A discipline for writing and maintaining persistent documentation that AI agents consume across sessions — so each new session starts smarter instead of starting from scratch.

The Pattern

At the end of every work session, review what was learned and write it to a persistent context file. But not as a journal entry — as reusable intelligence that a fresh agent with zero history can act on immediately.

Five types of persistent context, ranked by value:

  1. Anti-patterns. What NOT to do. "Don't use bulk PUT on this API — it replaces all records, not just the one you're updating." Anti-patterns prevent the most expensive mistakes: repeating failures that a previous session already debugged.

  2. Decision rationale. WHY something was decided, not just what. "We use polling instead of webhooks because the upstream API has a 30-second webhook delivery lag." Future sessions can re-evaluate the decision if conditions change. Without the rationale, they'll either blindly follow it or blindly change it.

  3. Preferences. Explicit statements of choice. "Always use library X over library Y because Z." "Format outputs as tables, not prose." These eliminate guesswork and prevent style drift across sessions.

  4. Gotchas. Non-obvious behaviors that took effort to discover. "This CLI tool silently truncates output after 1000 lines." "The API returns 200 even on partial failures — check the response body."
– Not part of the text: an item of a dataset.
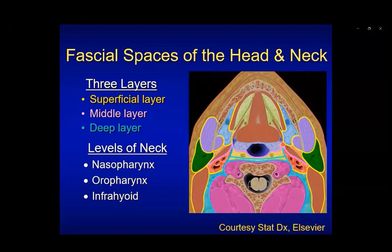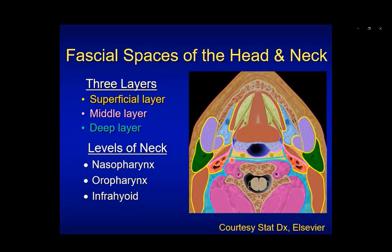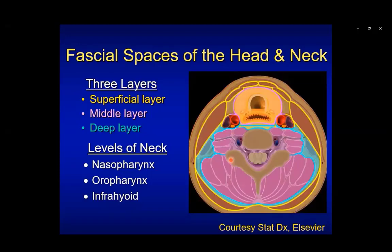At the level of the oropharynx, the superficial layer of deep cervical fascia in yellow surrounds the masticator space, parotid space, and musculature. The middle layer runs along the posterior margin of the oropharynx and the anterior margin of the retropharyngeal space. The deep layer in blue involves the retropharyngeal and dangerous spaces, as well as the perivertebral spaces. In the infrahyoid neck, the superficial layer runs along the musculature, the middle layer in pink surrounds the viscera, and the deep layer in blue runs along the retropharyngeal and perivertebral spaces.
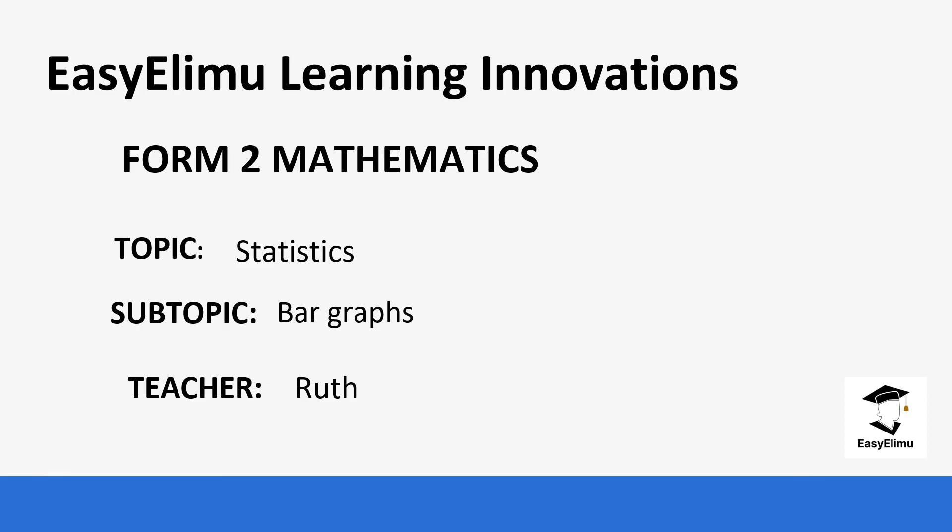Welcome to EZLE Learning Simplified. My name is Ruth and today we are going to be learning form two mathematics and our topic for today is statistics.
  5. Verified facts. Things that were tested and confirmed. "The database supports up to 50 concurrent connections." "Deployment takes 3-4 minutes." Separate verified facts from assumptions.

Organization rules:

  • Group by topic, not by date. "Authentication patterns" not "Session on Tuesday." Date-based organization forces the reader to scan everything; topic-based lets them jump to what's relevant.
  • Prune aggressively. Stale context is worse than no context — it causes confident, wrong behavior. When something changes, update or remove the entry. Review the full file periodically and delete anything outdated.
  • Write for a stranger. The next session has zero memory of your session. Include enough context that someone unfamiliar can understand and act on each entry without asking follow-up questions.

Key Decisions

Append-and-prune over append-only. Append-only logs grow until they exceed context windows and become useless. Regular pruning keeps the file at a manageable size with only current, accurate information.

Structured entries over free-form notes. Each entry should have a clear category (anti-pattern, decision, preference, gotcha, fact) so agents can quickly scan for what they need. Unstructured notes require reading everything to find anything.

One file per domain over one big file. Split context by topic area. An agent working on deployments shouldn't have to load authentication context. Smaller, focused files load faster and stay within token limits.

When to Use It

Any ongoing project where you work with AI across multiple sessions. The more sessions you run, the more value the context file provides. First session: you're teaching the AI everything. Tenth session: the AI already knows your stack, your preferences, your past mistakes, and your architectural decisions. The compound effect is significant — each hour invested in context documentation saves 15-30 minutes per future session.